TO DO: Could you restate the entries below word for word and leave the images out?

EXERCISE INPUTS:
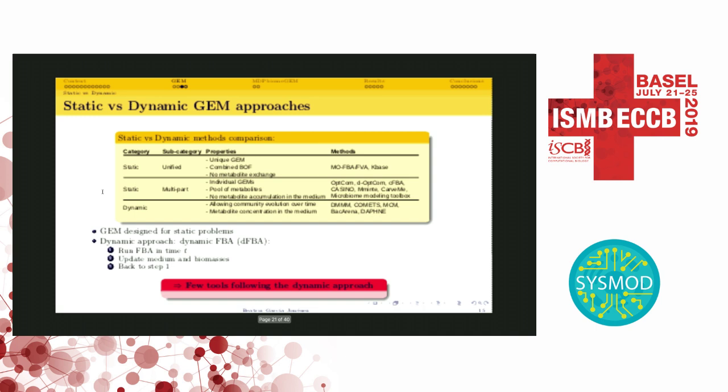Another point is that genome-scale models were originally designed to analyze a microbe from a static point of view, not a dynamic one. If we group the different methods that exist to represent microbial communities with genome-scale models, we have three groups: static unified, static multipart, and dynamic. In the first, all genome-scale models are combined in a unique stoichiometric matrix. In static multipart, the individual models are preserved but with direct connections between them. There is a metabolic accumulation in the medium that we need in NDP Biome, because most perturbations we will apply will be changes in nutrient concentrations in the medium.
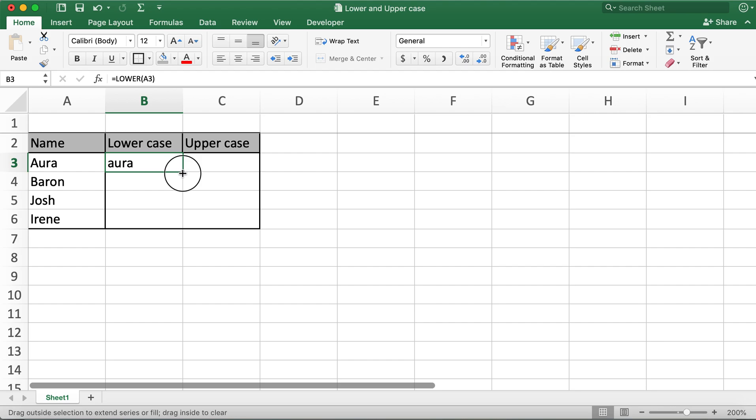And then if I click on the bottom corner of cell B3 and drag it all the way down, this will copy the function to all of the remaining cells.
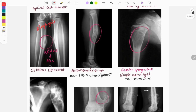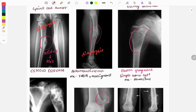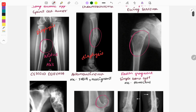Adamantinoma is also a diaphyseal lesion; the most common site is the tibia and it is a malignant tumor. The next image shows a simple bone cyst — you can see a fallen fragment sign, like a leaf fallen from a tree. The most common location is the humerus.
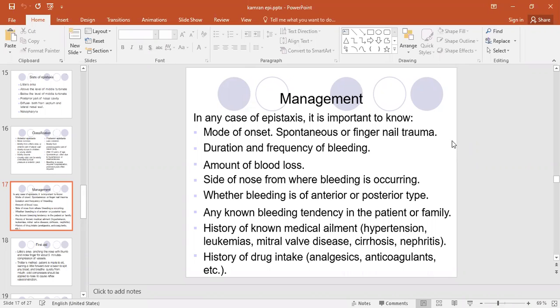What is the management if a person comes to you in the emergency or clinic with epistaxis? We have to take a short history: the mode of onset — is it spontaneous or because of trauma? Duration — since how long the patient has been bleeding, as sometimes they reach you having already lost a very large amount of blood. The side of the nose — from which side is it bleeding, right or left, anterior or posterior? Any known bleeding tendency in the family. History of drug intake — anticoagulants and analgesics can cause a bleeding tendency in patients taking these drugs regularly.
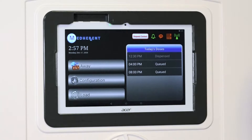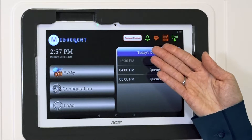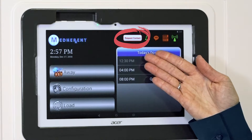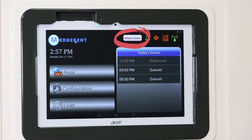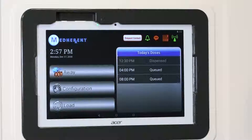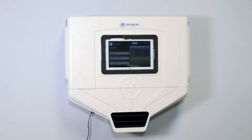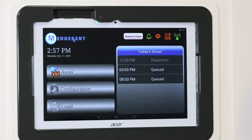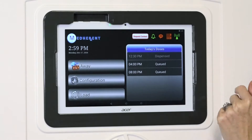We are constantly working to improve and further develop Medherent. This request contact button anticipates a future functionality that we will build into the system to allow patients in need of help to contact their physician or caregiver. This feature is still in development, so nothing will happen if you push this button right now. We will keep you updated on when we are ready to go live with this feature. In the meantime, please do not push the request contact button.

WRITTEN ANSWER:
Another point is that genome-scale models were originally designed to analyze a microbe from a static point of view, not a dynamic one. If we group the different methods that exist to represent microbial communities with genome-scale models, we have three groups: static unified, static multipart, and dynamic. In the first, all genome-scale models are combined in a unique stoichiometric matrix. In static multipart, the individual models are preserved but with direct connections between them. There is a metabolic accumulation in the medium that we need in NDP Biome, because most perturbations we will apply will be changes in nutrient concentrations in the medium.
And then if I click on the bottom corner of cell B3 and drag it all the way down, this will copy the function to all of the remaining cells.
Adamantinoma is also a diaphyseal lesion; the most common site is the tibia and it is a malignant tumor. The next image shows a simple bone cyst — you can see a fallen fragment sign, like a leaf fallen from a tree. The most common location is the humerus.
What is the management if a person comes to you in the emergency or clinic with epistaxis? We have to take a short history: the mode of onset — is it spontaneous or because of trauma? Duration — since how long the patient has been bleeding, as sometimes they reach you having already lost a very large amount of blood. The side of the nose — from which side is it bleeding, right or left, anterior or posterior? Any known bleeding tendency in the family. History of drug intake — anticoagulants and analgesics can cause a bleeding tendency in patients taking these drugs regularly.
We are constantly working to improve and further develop Medherent. This request contact button anticipates a future functionality that we will build into the system to allow patients in need of help to contact their physician or caregiver. This feature is still in development, so nothing will happen if you push this button right now. We will keep you updated on when we are ready to go live with this feature. In the meantime, please do not push the request contact button.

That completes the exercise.